Data records
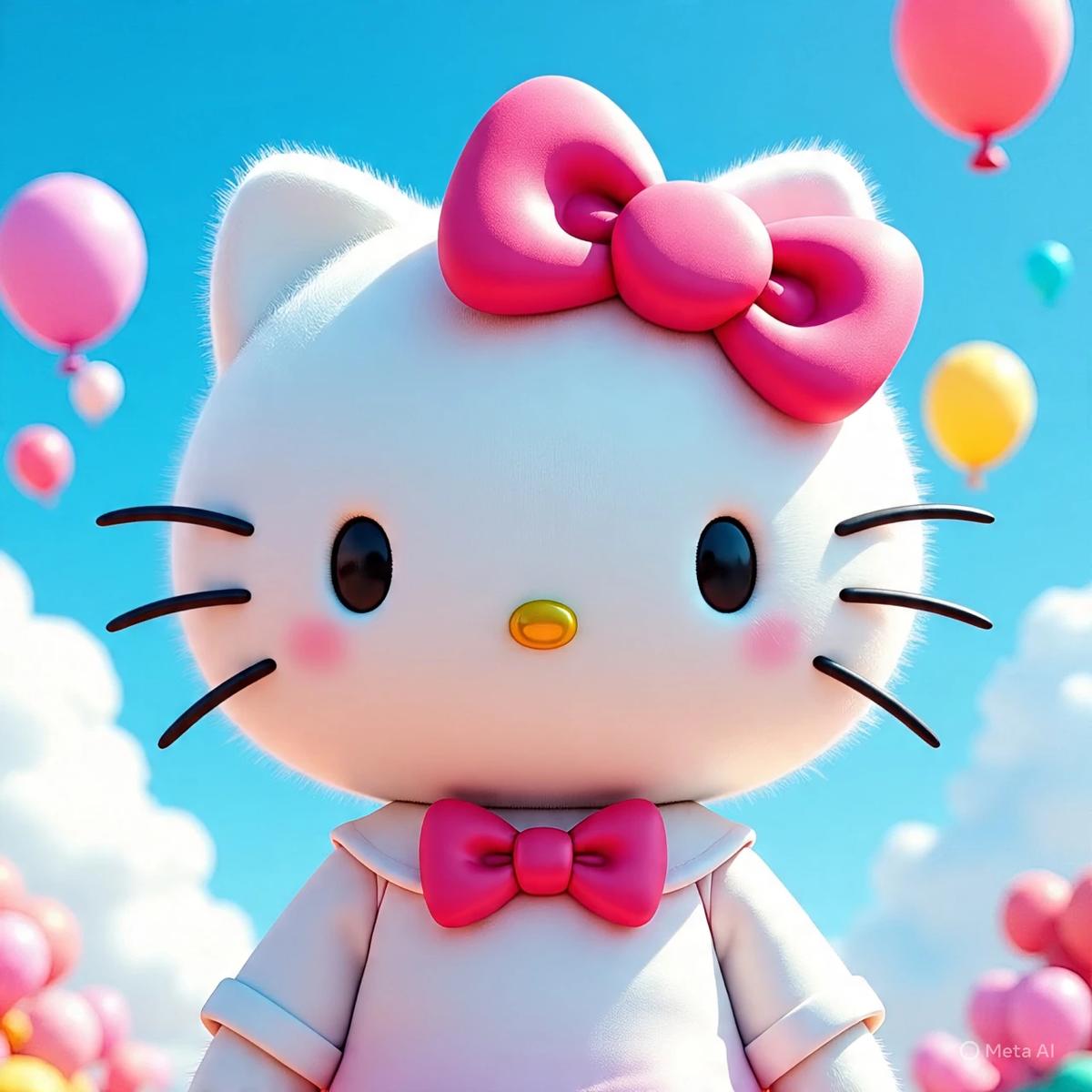 Hello Kitty thumbnail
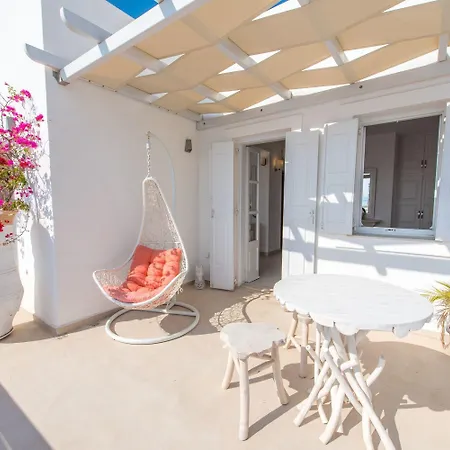 Santorini Secret & Spa, Small Luxury Of The World (adults Only) אויה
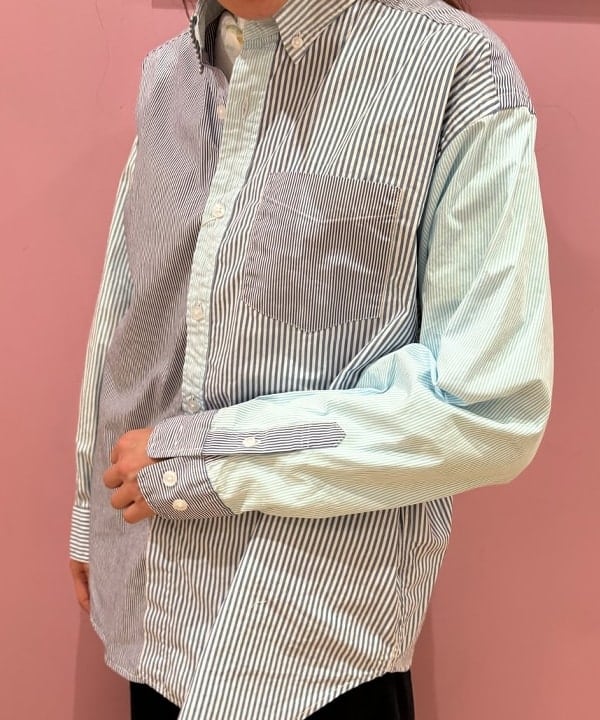 佐々木 南美さんの「BEAMS WOMEN｜」を使ったコーディネート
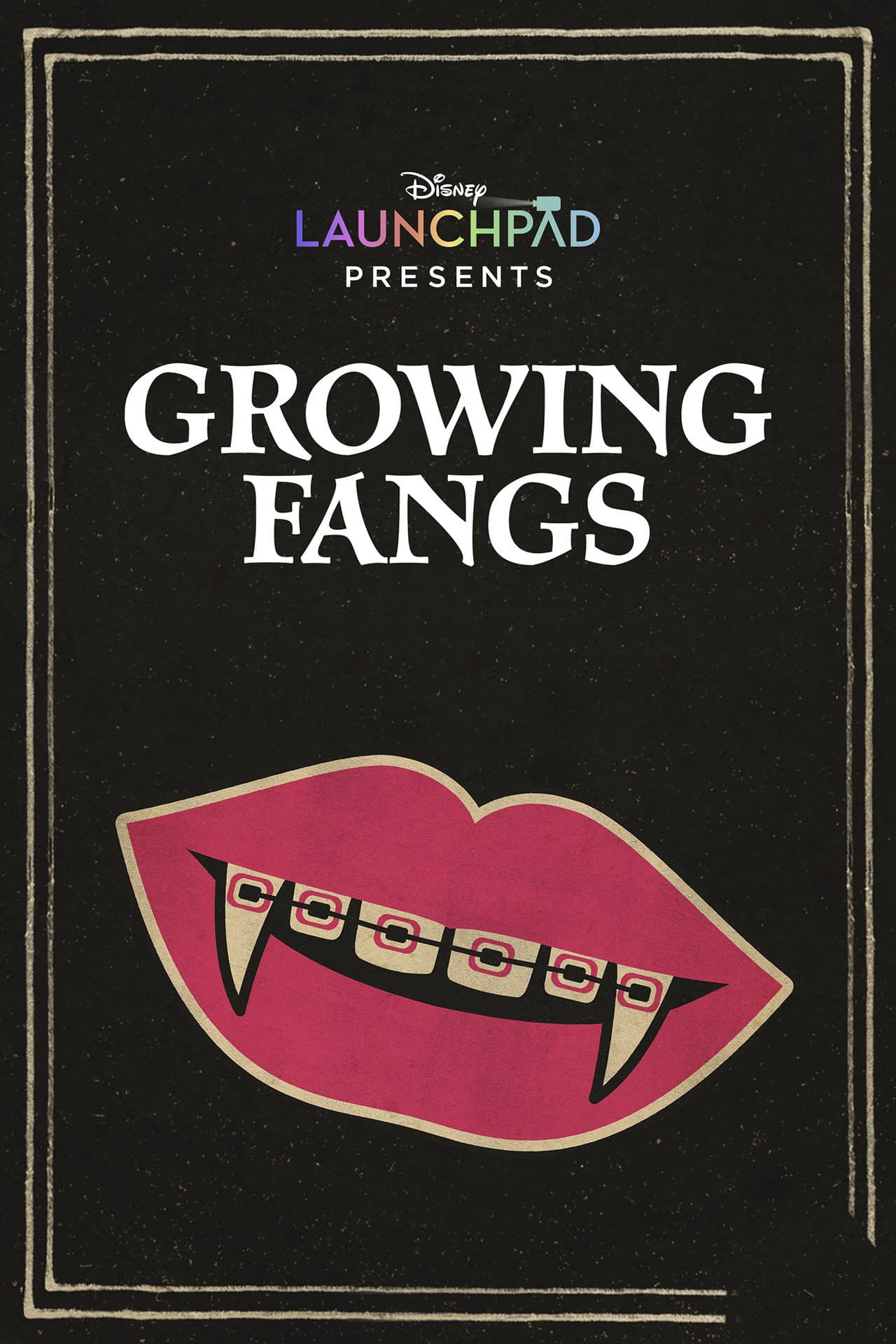 Growing Fangs preview 2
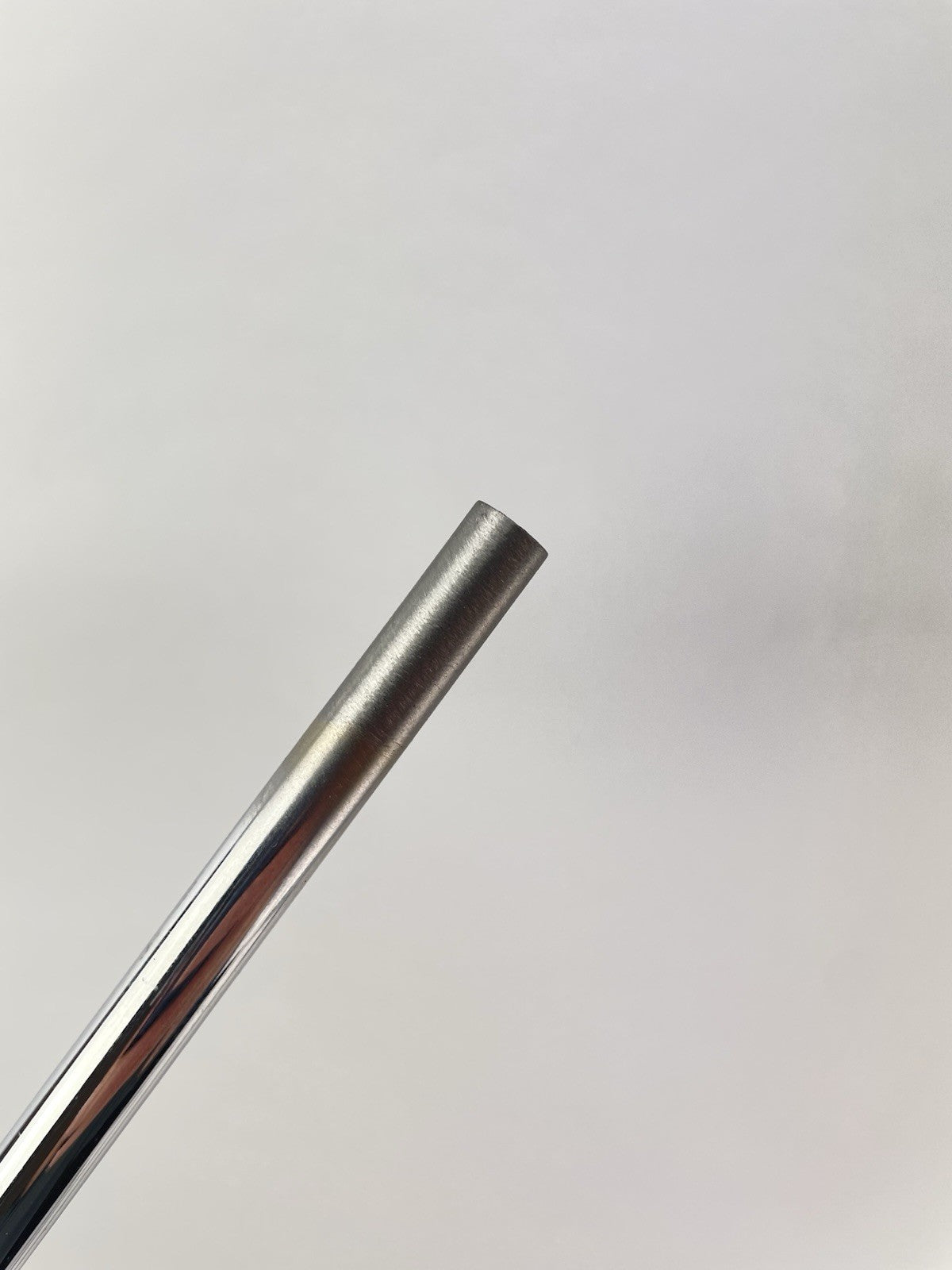 True Temper XP100 Iron Shaft Stiff Flex Steel 35.5 /0.370 Parallel /249818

## Task:
Drop the images and quote the entries word for word.

## Exercise result:
 Hello Kitty thumbnail
 Santorini Secret & Spa, Small Luxury Of The World (adults Only) אויה
 佐々木 南美さんの「BEAMS WOMEN｜」を使ったコーディネート
 Growing Fangs preview 2
 True Temper XP100 Iron Shaft Stiff Flex Steel 35.5 /0.370 Parallel /249818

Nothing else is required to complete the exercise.